The headline finding is the one most runners will miss: your app tells you fast running is "less load." Technically true. But tissue doesn't care about load. It cares about damage. And damage follows a power law, not a straight line.

Cadence is the practical win here. It's the only variable that reduced damage at the knee, shin, and Achilles at the same time. Not speed management. Not hill selection. Those just move the problem from one tissue to another. If you're coming back from any lower-leg issue and looking for a single dial to turn, cadence is where the research points. Ten extra steps per minute. That's the whole intervention.

Source: Van Hooren, B., van Rengs, L., & Meijer, K. (2024). Scandinavian Journal of Medicine & Science in Sports. Read the full paper
3 of 4

Does Sodium Bicarbonate Actually Help Runners?

What a meta-analysis of 11 trials reveals when you adjust for the numbers nobody talks about

Evidence: Moderate (Meta-analysis, 11 RCTs, N=126, crossover designs, publication bias confirmed) Action: Worth testing 6 min read

After adjusting for GI dropouts and publication bias, the performance benefit shrank to almost nothing. But 29.5% of participants got GI symptoms.

For most runners, **the benefit evaporates once you account for the people who couldn't finish the study.**

Sodium Bicarbonate Effect on Running: The Three-Step Erosion
As reported
0.32
GI-adjusted
0.29
Bias-adjusted
0.18

Standardized Mean Difference (SMD)

Each adjustment shrinks the benefit. The dashed line at 0.19 marks the authors' own threshold for "negligible." Miller et al. (2025), JISSN.

What They Studied

The science behind sodium bicarbonate is straightforward: it buffers acid in your blood, letting your muscles work harder before hydrogen ions shut them down. Prof. Lewis Gough calls the mechanism "about as clean as it gets in sports nutrition."

This is the first meta-analysis focused specifically on sodium bicarbonate and running performance. All 11 studies used crossover designs, meaning each runner tried both the supplement and a placebo. Doses ranged from 0.2 to 0.4 g/kg, with 9 of 11 studies using 0.3 g/kg. Performance tests lasted 1 to 30 minutes, with a median of 4 minutes. The population was 84% male, mostly competitive runners aged 20-31.

The companion source, Prof. Lewis Gough on Sigma Nutrition Radio (#580), provides the mechanism framework. Gough is an associate professor specializing in bicarbonate research at Birmingham City University.

What They Found

  • The unadjusted number looks promising: A small, statistically significant benefit on running performance. But that number doesn't account for runners who dropped out due to stomach problems.

  • Adjust for GI dropouts, and it shrinks: When researchers included the runners who withdrew because of GI distress, the effect dipped. Still significant, but smaller.

  • Adjust for publication bias, and it disappears: Four estimated unpublished null-result studies were imputed. The final adjusted effect fell below the authors' own threshold for "negligible." Not statistically significant.

  • Nearly 1 in 3 got GI symptoms: 29.5% of runners on bicarbonate reported GI issues versus 2.6% on placebo.
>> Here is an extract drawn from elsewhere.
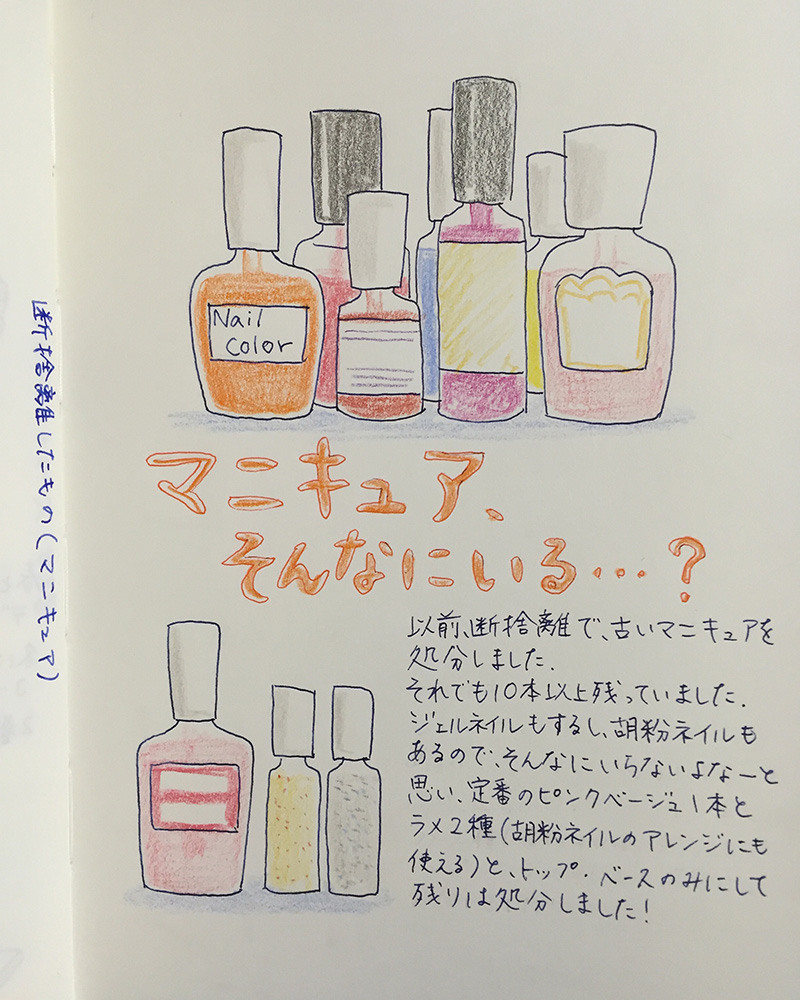 断捨離したもの マニキュア 白と色々 断捨離したもの マニキュア 白と色々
Diarrhea (9%), nausea/vomiting (6.4%), and stomachache (5.1%) were the most common.

  • One subgroup stood out: Males showed a small, significant benefit even after all adjustments. Higher body mass also predicted a bigger response. Why does bicarb work better in heavier males? Still unclear. (The female data barely exists. Only 16% of participants were women.)

  • Nothing else predicted the effect: Training status, dose timing, capsule vs. powder, fasted vs. fed, test duration. None reached statistical significance.

The unadjusted number looks like a story. The adjusted number is the story. Publication bias alone dragged the effect from small to negligible.

— Jonah

What This Means for You

  • The mechanism is solid. Gough explains that bicarbonate buffers hydrogen ions in your blood. This creates a steeper gradient that pulls acid out of working muscles faster. That's real physiology. The problem isn't whether it works in a test tube. It's whether it works in your gut.

  • If you're a male runner with higher body mass doing short, hard efforts (1-10 minutes), this is the one population where the adjusted data still shows a meaningful effect. Think 800m to 3K specialists, not marathoners.

  • For longer events, the evidence is thin. All 11 studies tested efforts under 30 minutes. No data exists on marathon or half-marathon performance. Your 5K might benefit. Your marathon fueling plan doesn't need bicarb.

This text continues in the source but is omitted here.